Step 2 - Execute a parallel Scan

To perform a parallel Scan, each application worker issues its own Scan request with the following parameters:

  • Segment: The segment to be scanned by a specific application worker. Each worker should use a different value for Segment.
  • TotalSegments: The total number of segments for the parallel scan. This value must be the same as the number of workers that your application will use.

Review the following code block for the parallel scan, which is from the file scan_logfile_parallel.py.
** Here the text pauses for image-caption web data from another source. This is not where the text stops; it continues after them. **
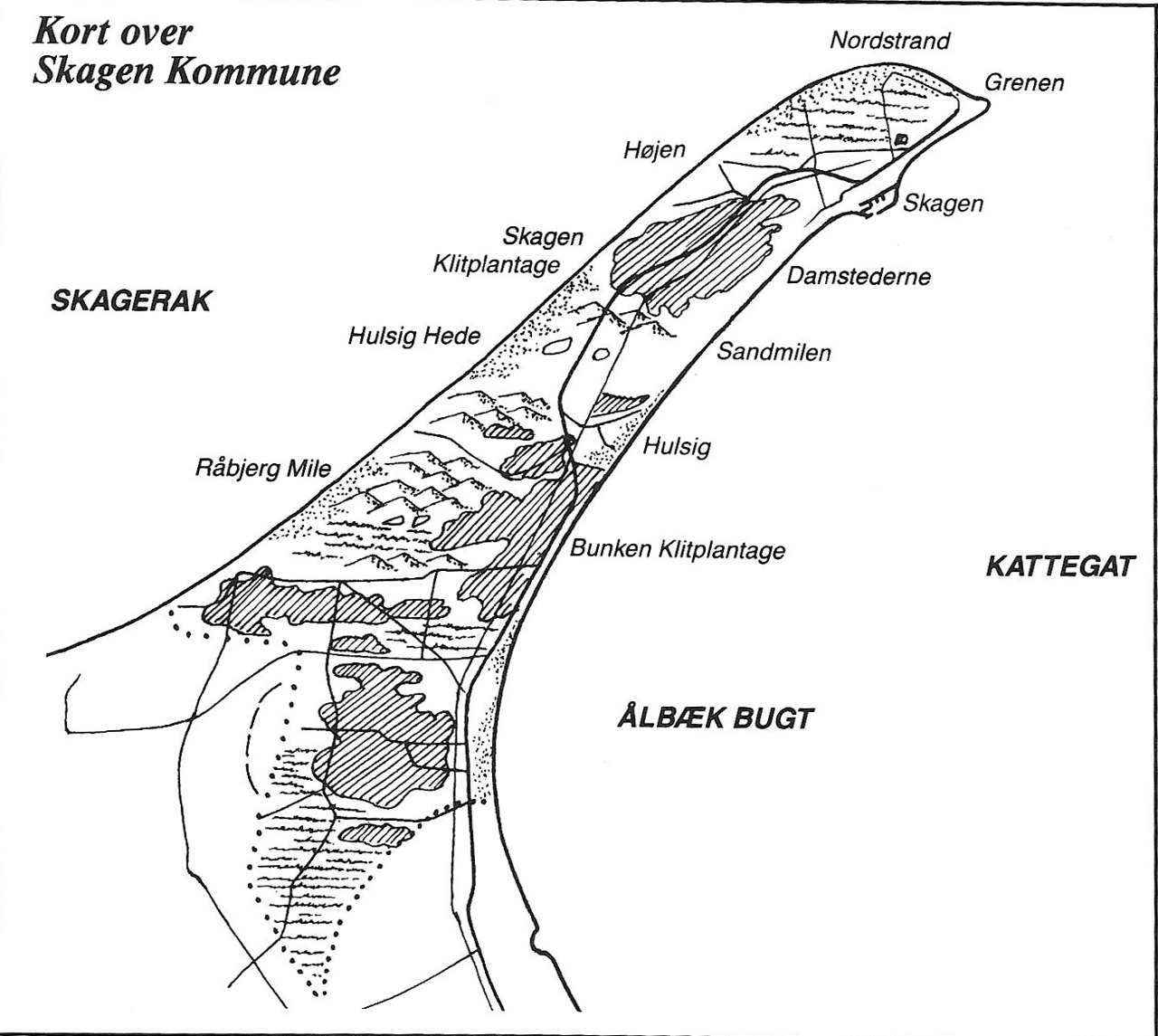 Kort over Skagen Kommune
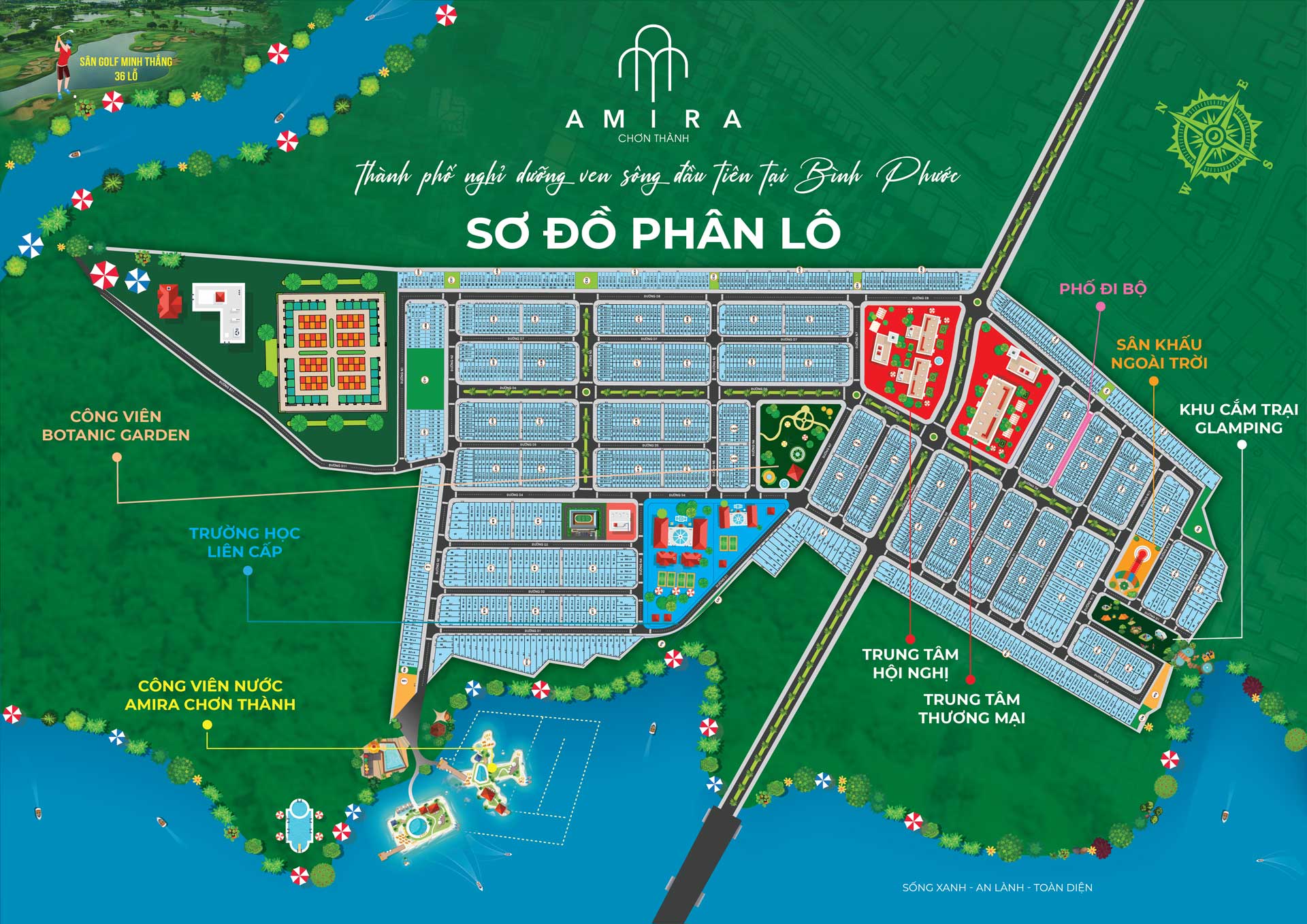 Mặt bằng Phân lô Dự án Amira Chơn Thành Mặt bằng Phân lô Dự án Amira Chơn Thành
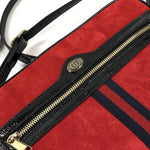 GUCCI SUEDE OPHIDIA SMALL SHOULDER BAG RED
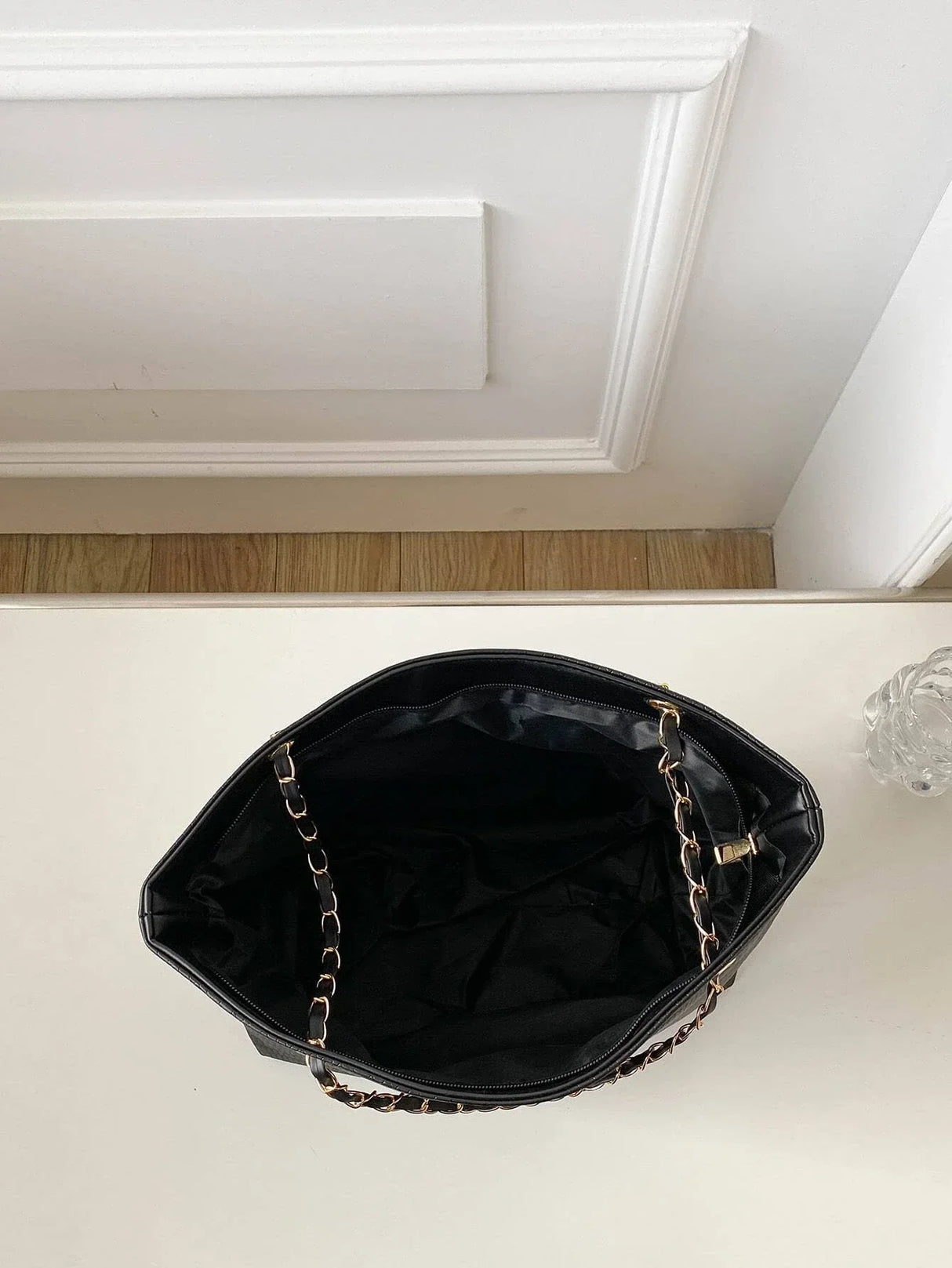 Buy SHEIN Geometric Embossed Grommet Eyelet Shoulder Tote Bag in Pakistan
  fe = "responsecode <> :f"
  eav = {":f": 200}
  response = table.scan(
    FilterExpression=fe,
    ExpressionAttributeValues=eav,
    Limit=pageSize,
    TotalSegments=totalsegments,
    Segment=threadsegment,
    ProjectionExpression='bytessent'
    )

After the first scan, you can continue scanning the table until LastEvaluatedKey equals null.
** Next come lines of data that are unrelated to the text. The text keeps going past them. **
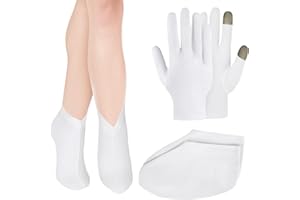 BUTBU kit de gants Chaussette Hydratants en coton, Gants/Chaussette pour Écran Tactile pour femme et homme, Gloves de Protection Contre l'eczéma, pour eczéma peau sèche sensible et irritée, beauté
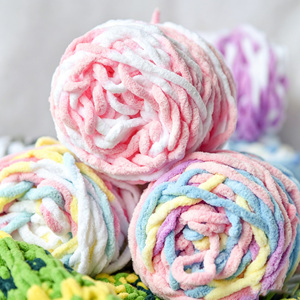 Fil Chenille Queue <span class=keywords><strong>de</strong></span> Chat, <span class=keywords><strong>Pelote</strong></span> <span class=keywords><strong>de</strong></span> Fil Acrylique Mélangé Épais 8mm, Matériel pour Tricot Manuel et Crochet <span class=keywords><strong>de</strong></span> Poupées - Product Image 1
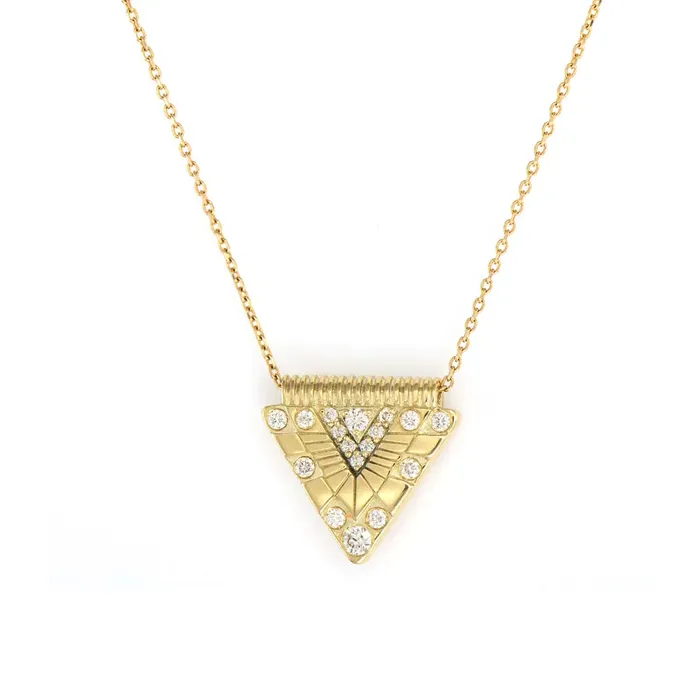 Double Sided Evil Eye Pyramid Necklace Three Stories Jewelry Necklaces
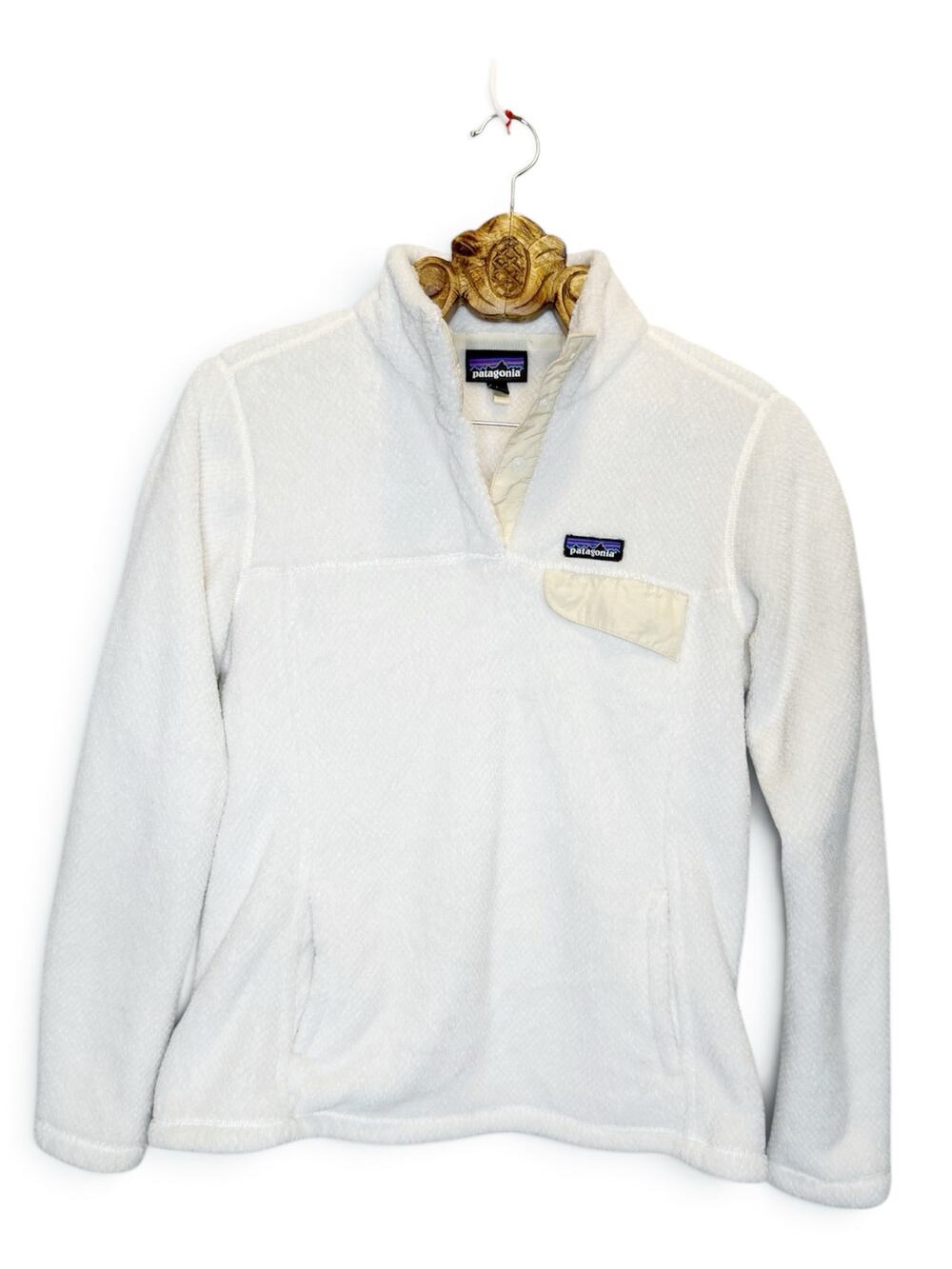 Patagonia Re-Tool Snap-T Pullover Fleece Ecru White Large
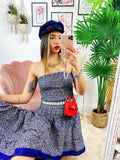 Abito con Gonna asimmetrica blu fiorellini bianchi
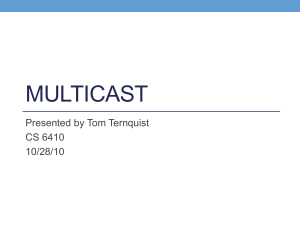 MULTICAST Presented by Tom Ternquist CS 6410 10/28/10
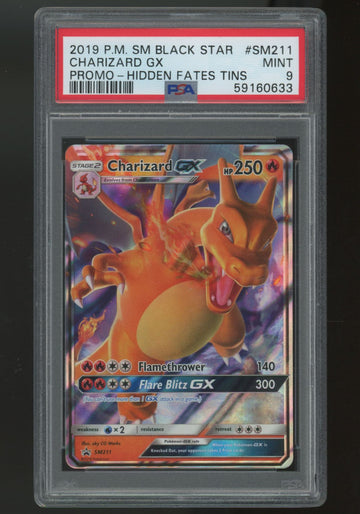 2019 Pokemon Charizard GX Hidden Fates Promo #SM211 PSA 9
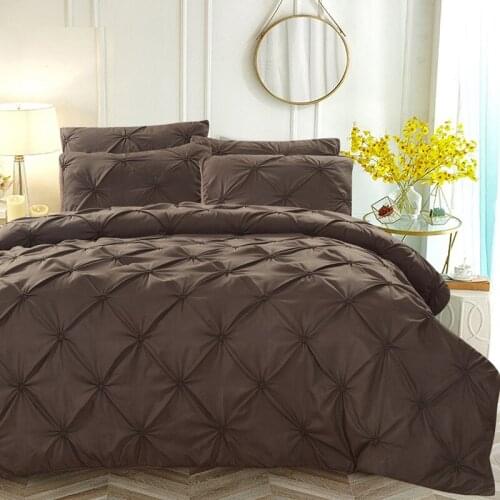 Bedding Set Twin king size duvet cover house luxury bed cover Pillowcase Pleated flowers Home textile Family Bed Linens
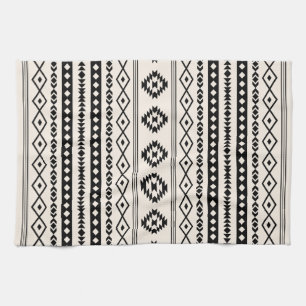 Aztec Black on Cream Mixed Motifs (V) Pattern Kitchen Towel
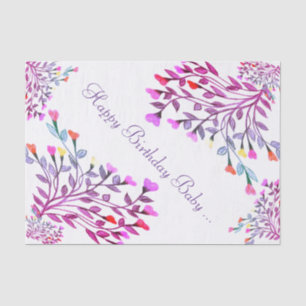 Mousseline Joli Coeur Fleur Anniversaire Tissu Papier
  while 'LastEvaluatedKey' in response:
    response = table.scan(
        FilterExpression=fe,
        ExpressionAttributeValues=eav,
        Limit=pageSize,
        TotalSegments=totalsegments,
        Segment=threadsegment,
        ExclusiveStartKey=response['LastEvaluatedKey'],
        ProjectionExpression='bytessent')
    for i in response['Items']:
        totalbytessent += i['bytessent']

To run this code, execute the following AWS CLI command.

python scan_logfile_parallel.py logfile_scan 2

Parameters:

  1. Table name: logfile_scan
  2. Number of threads: 2 (this is number of threads to be executed in parallel, which will be used for the number of segments as well).

The output will look like the following.

Scanning 1 million rows of the `logfile_scan` table to get the total of bytes sent

Total bytessent 6054250 in 8.544446229934692 seconds

The execution time using a parallel scan will be shorter than the execution time for a sequential scan. The difference in execution time will be even more exaggerated for larger tables.

Summary

In this exercise, we have demonstrated use of two methods of DynamoDB table scanning: sequential and parallel, to read items from a table or secondary index. Use Scan sparingly because it can consume large amounts of capacity resources. Sometimes a Scan is appropriate (such as scanning a small table) or unavoidable (such as performing a bulk export of data). However, as a general rule, you should design your applications to avoid performing scans.